186a A second distortion occurs in man's apprehension of man. Positivists, naturalists, behaviorists insist that human sciences have to be conducted on the same lines as the natural sciences. But the resultant apprehension of man, if not mechanistic, is theriomorphic. Nor is this view of man as a machine or as an animal confined to some rarefied academic realm. It is applied. The applications reach out into all departments of thought and into all walks of life. They have the common feature of omitting advertence to human dignity and respect for human morality. (Fs)

186b A third distortion is in the realm of technique. Applied science and consequent inventions have given us our vast industrial, commercial, financial, adminstrative, educational, military complex. Technicians are the people with the task of figuring out the most efficient use of currently available hardware. The more successful they are, the greater is the domain that they organize, and the less the domain under the control of old-style decision-makers, of managers, directors, mayors, governors, presidents. Again, the more brilliant they are, the less is it possible to explain to the uninitiated why things are done the way in which they are done. Finally, the more thorough the application of the principle of efficiency, the more must men adapt themselves to its dictates in all their labor hours and in all the goods and services they purchase from the technological establishment. Yet we must bear in mind that anything less than the most efficient procedures threatens the survival of the mass of mankind. (Fs)

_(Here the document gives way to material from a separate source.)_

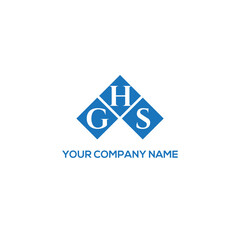 Fototapeta premium HGS letter logo design on white background. HGS creative initials letter logo concept. HGS letter design.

186c If I am correct in assuming that the Jesuits of the twentieth century, like those of the sixteenth, exist to meet crises, they have to accept the gains of modernity in natural science, in philosophy, in theology, while working out strategies for dealing with secularist views on religion and with concomitant distortions in man's notion of human knowledge, in his apprehension of human reality, in his organization of human affairs. How such strategies are to be worked out is, of course, an enormous question, and I must be content to offer no more than the briefest suggestions. First, any such strategy is not a conclusion from premisses but a creative project emerging from a thorough understanding of a situation and a grasp of just what can be done about it. Secondly, it is not some static project set forth once and for all but, on the contrary, it is an ongoing project constantly revised in the light of the feedback from its implementation. Thirdly, it is not some single, ongoing project but a set of them, constantly reported to some central clearinghouse with the twofold function (i) of drawing attention to conflicts between separate parts and (2) of keeping all parts informed both of what has been achieved elsewhere and what has been tried and found wanting. Finally, all such projects must be in Christ Jesus, the work of those who take up their cross daily, who live by the Spirit in the Word, who consecrate themselves to loving, who banish all tendencies to hatred, reviling, destroying. (Fs)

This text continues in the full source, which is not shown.